**TASK:**
Within the entries below, the lines from the one with "Hydrotherm Pure Heated/Non" through the one with "Fresh Beef Oxtail" are to be set down exactly, both ends kept.

[Dataset items]

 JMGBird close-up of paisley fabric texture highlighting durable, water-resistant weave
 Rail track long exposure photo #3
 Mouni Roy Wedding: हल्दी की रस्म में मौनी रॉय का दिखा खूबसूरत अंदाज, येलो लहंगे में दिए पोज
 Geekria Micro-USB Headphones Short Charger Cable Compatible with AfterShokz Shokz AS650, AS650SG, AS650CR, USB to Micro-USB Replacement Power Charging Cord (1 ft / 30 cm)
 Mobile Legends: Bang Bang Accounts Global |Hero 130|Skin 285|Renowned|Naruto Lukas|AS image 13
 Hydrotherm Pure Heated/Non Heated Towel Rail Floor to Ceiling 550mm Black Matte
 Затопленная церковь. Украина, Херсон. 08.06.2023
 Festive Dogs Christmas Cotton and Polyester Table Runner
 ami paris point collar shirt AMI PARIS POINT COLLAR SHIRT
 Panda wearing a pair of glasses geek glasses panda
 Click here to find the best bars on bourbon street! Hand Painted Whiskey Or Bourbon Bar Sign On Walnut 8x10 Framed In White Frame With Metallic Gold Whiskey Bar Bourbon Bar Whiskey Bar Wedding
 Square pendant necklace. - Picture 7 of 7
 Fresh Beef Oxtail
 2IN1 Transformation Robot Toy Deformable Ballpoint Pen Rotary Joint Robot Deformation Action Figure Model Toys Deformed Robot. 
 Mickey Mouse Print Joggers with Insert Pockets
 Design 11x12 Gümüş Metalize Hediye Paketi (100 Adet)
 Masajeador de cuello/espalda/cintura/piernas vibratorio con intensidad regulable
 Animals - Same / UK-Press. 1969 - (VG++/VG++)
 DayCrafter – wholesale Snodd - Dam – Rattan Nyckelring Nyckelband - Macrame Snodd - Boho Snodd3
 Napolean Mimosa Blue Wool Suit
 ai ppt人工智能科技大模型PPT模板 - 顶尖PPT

**RESPONSE TO THE TASK:**
 Hydrotherm Pure Heated/Non Heated Towel Rail Floor to Ceiling 550mm Black Matte
 Затопленная церковь. Украина, Херсон. 08.06.2023
 Festive Dogs Christmas Cotton and Polyester Table Runner
 ami paris point collar shirt AMI PARIS POINT COLLAR SHIRT
 Panda wearing a pair of glasses geek glasses panda
 Click here to find the best bars on bourbon street! Hand Painted Whiskey Or Bourbon Bar Sign On Walnut 8x10 Framed In White Frame With Metallic Gold Whiskey Bar Bourbon Bar Whiskey Bar Wedding
 Square pendant necklace. - Picture 7 of 7
 Fresh Beef Oxtail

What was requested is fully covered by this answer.